4. Which of the following sentences, if added between Parts 5 and 6 in the second paragraph, would be most consistent with the writer’s purpose and intended audience?

A) All the “good” countries are, of course, representative democracies.

B) Most of the nations following this pattern are either in Western Europe or in the countries that European countries colonized.

C) Many of the nation states affecting this governmental system of organization were originally populated by those who fled tyrannical despotisms in other areas of the world and who, therefore, prize the democratic ideology.

D) Most folk in these places know that democracy is a bumpy road where freedom’s wagon constantly teeters between liberty and anarchy.


4. The correct choice is B.

Choice A is incorrect because it is a value judgment that does not fit the tone of the selection. Choice C uses inappropriately elevated vocabulary, and Choice D combines informal language with a rather silly metaphor. By the process of elimination, Choice B is correct.
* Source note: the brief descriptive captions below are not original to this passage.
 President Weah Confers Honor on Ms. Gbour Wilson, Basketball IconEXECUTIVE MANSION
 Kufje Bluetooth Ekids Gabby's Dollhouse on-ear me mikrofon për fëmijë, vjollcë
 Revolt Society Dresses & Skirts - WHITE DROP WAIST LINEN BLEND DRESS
The passage below had Choice B inserted in red between Parts 5 and 6.


(1) Democracy is a form of government in which final authority rests in the people’s hands. (2) There are, however, very few modern examples of governments where all the citizens actually participate in deciding all important issues. (3) The Greek root word for democracy means “rule of the people.” (4) A few small towns in New England still hold annual or semi-annual town meetings at which important issues are decided by majority votes, but even those are now rare.
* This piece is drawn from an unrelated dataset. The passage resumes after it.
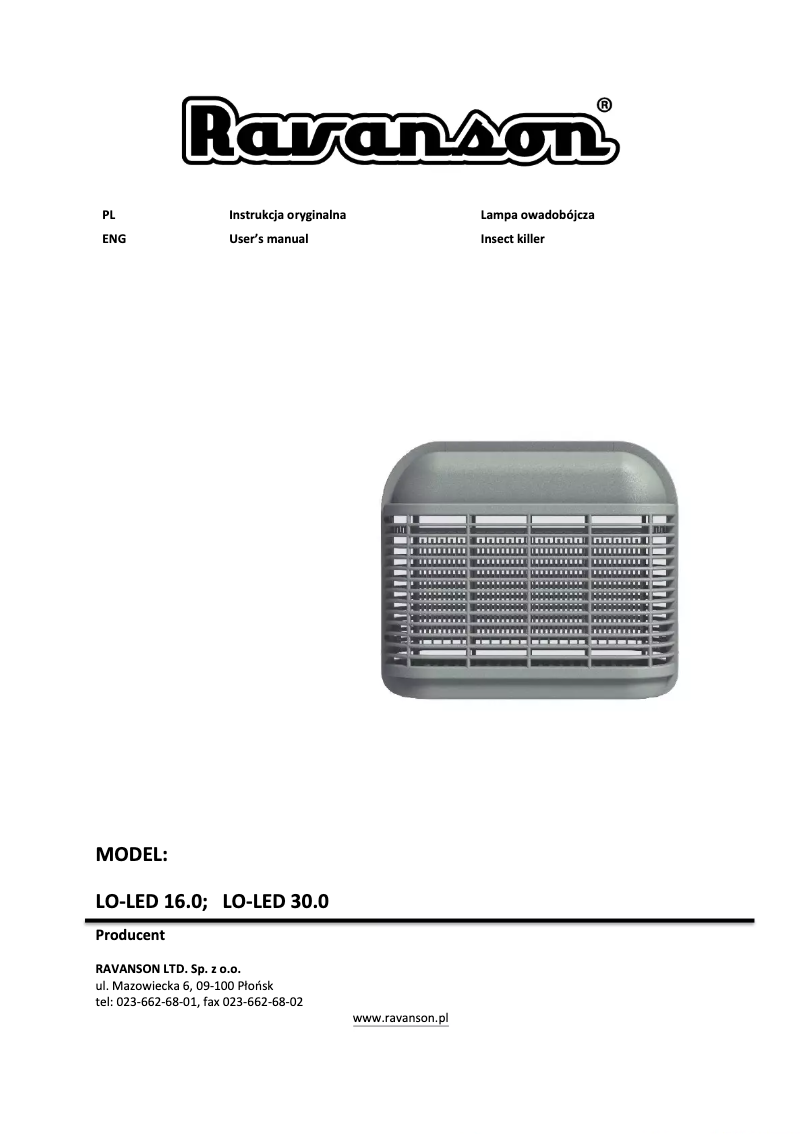 Page n°1 - Manuel utilisateur Ravanson LO-LED 30.0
(5) Many national governments are, instead, representative democracies where all citizens are able to vote for the people who make the laws.

Most of the nations following this pattern are either in Western Europe or in the countries that European countries colonized.
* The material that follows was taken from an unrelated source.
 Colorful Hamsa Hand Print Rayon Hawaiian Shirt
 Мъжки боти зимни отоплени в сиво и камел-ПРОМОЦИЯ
(6) A true representative democracy requires that at least two viewpoints be widely available so that citizens have an actual choice. (7) Governments which hold elections but allow only “official” candidates are not true democracies. (8) Although widely criticized, these governments defend their practice by claiming that the “party” already knows what the people want. (9) Whether the group in power actually does know best or not, it is certainly true that the free speech and free assembly usually required by a representative democracy is often lacking in these one party states.